Honest confessions don’t come easy. When the chief priests and scribes, those religious leaders and doctors of divinity of Jesus’ day had succeeded in nailing him to the cross, they gloated, “He saved others; Himself he cannot save” (Mark 15:31). That mocking confession unmasked a despicable hypocrisy. Those jealous pretenders had insisted that Jesus’ miracles were a fraud, that He was demon possessed and that all of his supernatural cures were the work of Beelzebub, the devil (John 8:48; Matthew 12:24). No sooner had they accomplished their sinister plot to have Jesus put to death, they confessed what they had known all along, “he saved others.” Hypocritical jealousy of prestige or position may be the most common sin among us. Those temple dignitaries could not stand to have the people pursue someone other than themselves.

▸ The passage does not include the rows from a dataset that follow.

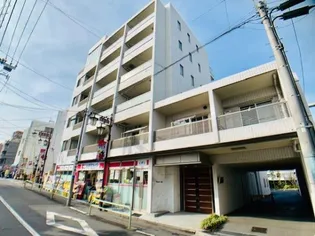 リマーブルヒラタの画像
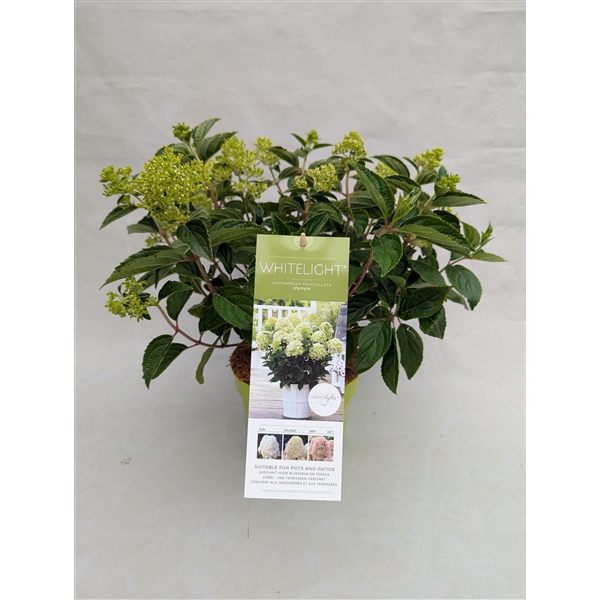 <h4>Hydrangea pan. IMPORT Whitelight 17cm</h4>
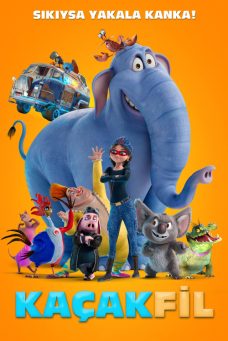 Kaçak Fil Afiş Resmi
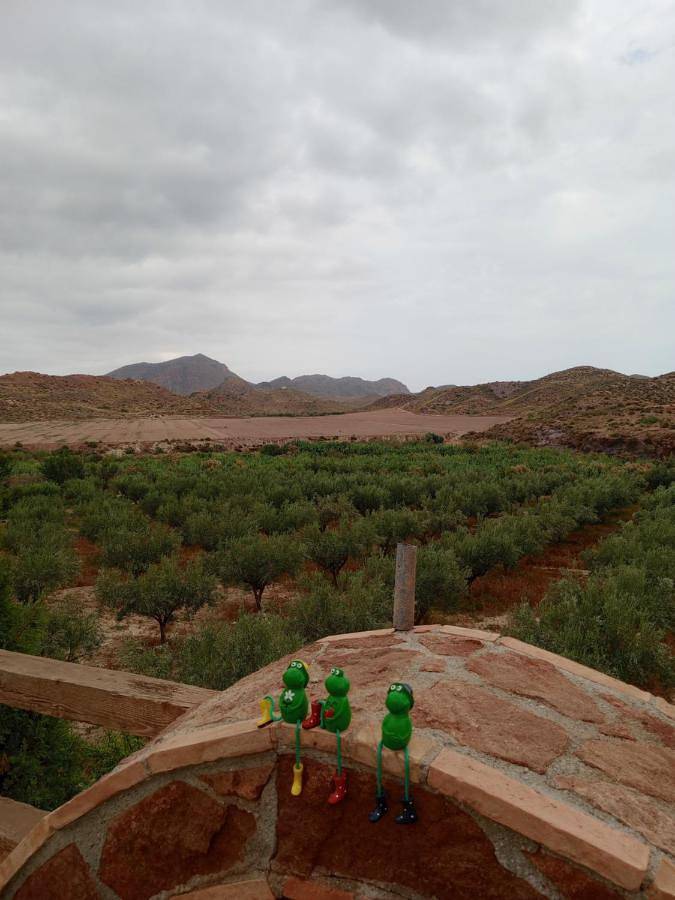 Casa rural para 3 personas, con piscina y vistas además de jardín y terraza, Se admiten mascotas en Provincia de Almería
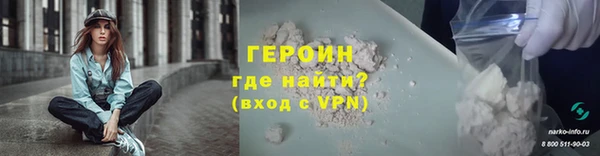 индика Елизово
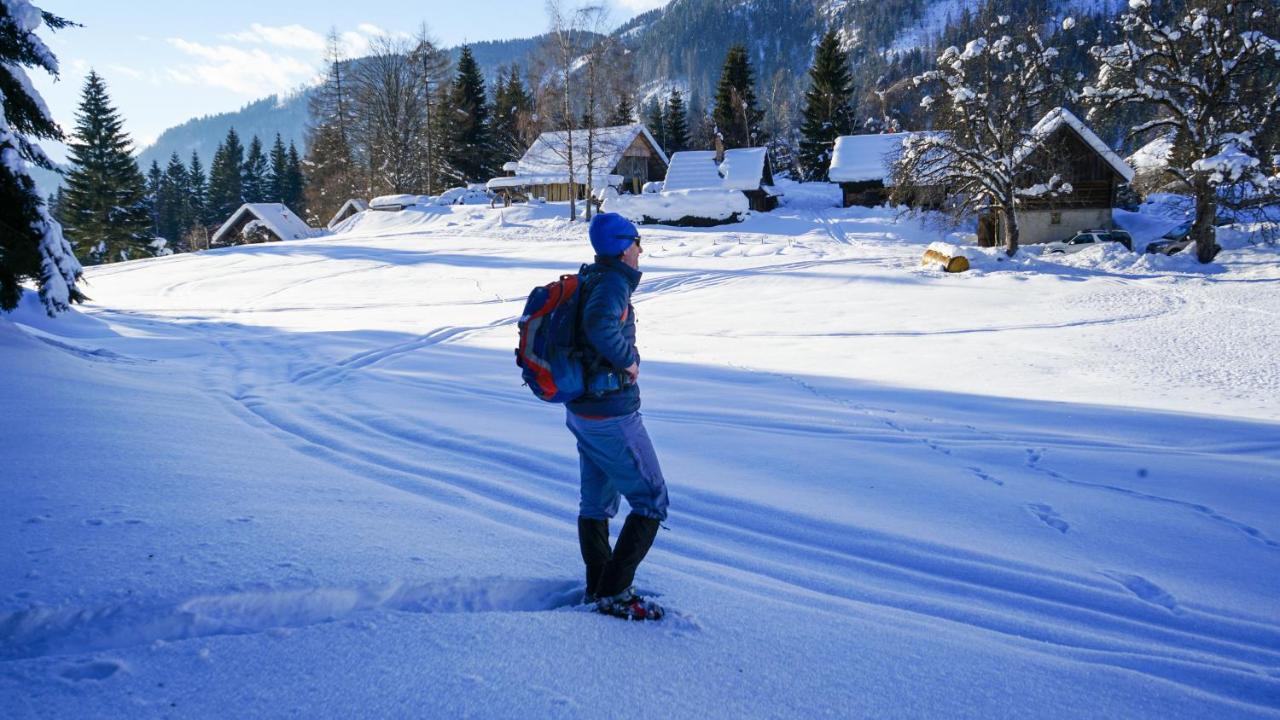 Chalet Hike&Bike Above Bohinj Valley 外观 照片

Unknown to those joking, jealous, jeering, religious elite, they were confessing the foundational principle of redemption; “He saved others; Himself he cannot save.” If he had saved himself (which he certainly could have done) he could not have saved others. They supposed that his inability to save himself proved that he could not be the Savior of others, whereas the very opposite was the case. His ability to become the Savior of others required that he not save himself. Jesus walked the talk, he practiced what he preached; “I tell you the truth, unless a kernel of wheat is planted in the soil and dies, it remains alone. But its death will produce many new kernels, a plentiful harvest of new lives” (John 12:24 NLT). By his death, many, many, now live.

Those spiteful, sneering crucifiers confessed the true meaning of Jesus’ life and death, “He saved others.” Oh, yes he has — millions. It was in order to save that he lived, died and rose again. He had died to save them too, but by the word “others,” they excluded themselves. It is still true today. The only ones excluded from salvation and eternal life are the self-excluded.